# What you are asked to do
Produce a verbatim transcription of the records below, beginning at the line containing "A view of a" and ending at the final line; include only those lines.

# Records to use

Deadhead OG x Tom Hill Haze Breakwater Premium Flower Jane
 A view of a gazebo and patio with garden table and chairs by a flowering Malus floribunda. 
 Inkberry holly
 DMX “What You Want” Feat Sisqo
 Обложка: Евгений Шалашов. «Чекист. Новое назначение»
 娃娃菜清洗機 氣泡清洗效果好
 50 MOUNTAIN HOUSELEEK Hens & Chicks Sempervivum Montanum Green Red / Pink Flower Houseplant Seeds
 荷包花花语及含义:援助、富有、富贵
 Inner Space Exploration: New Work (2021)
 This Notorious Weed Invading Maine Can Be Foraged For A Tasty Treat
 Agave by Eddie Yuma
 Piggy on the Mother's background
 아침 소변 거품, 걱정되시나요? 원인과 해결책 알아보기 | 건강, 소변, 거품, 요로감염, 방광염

# Answer area
 A view of a gazebo and patio with garden table and chairs by a flowering Malus floribunda. 
 Inkberry holly
 DMX “What You Want” Feat Sisqo
 Обложка: Евгений Шалашов. «Чекист. Новое назначение»
 娃娃菜清洗機 氣泡清洗效果好
 50 MOUNTAIN HOUSELEEK Hens & Chicks Sempervivum Montanum Green Red / Pink Flower Houseplant Seeds
 荷包花花语及含义:援助、富有、富贵
 Inner Space Exploration: New Work (2021)
 This Notorious Weed Invading Maine Can Be Foraged For A Tasty Treat
 Agave by Eddie Yuma
 Piggy on the Mother's background
 아침 소변 거품, 걱정되시나요? 원인과 해결책 알아보기 | 건강, 소변, 거품, 요로감염, 방광염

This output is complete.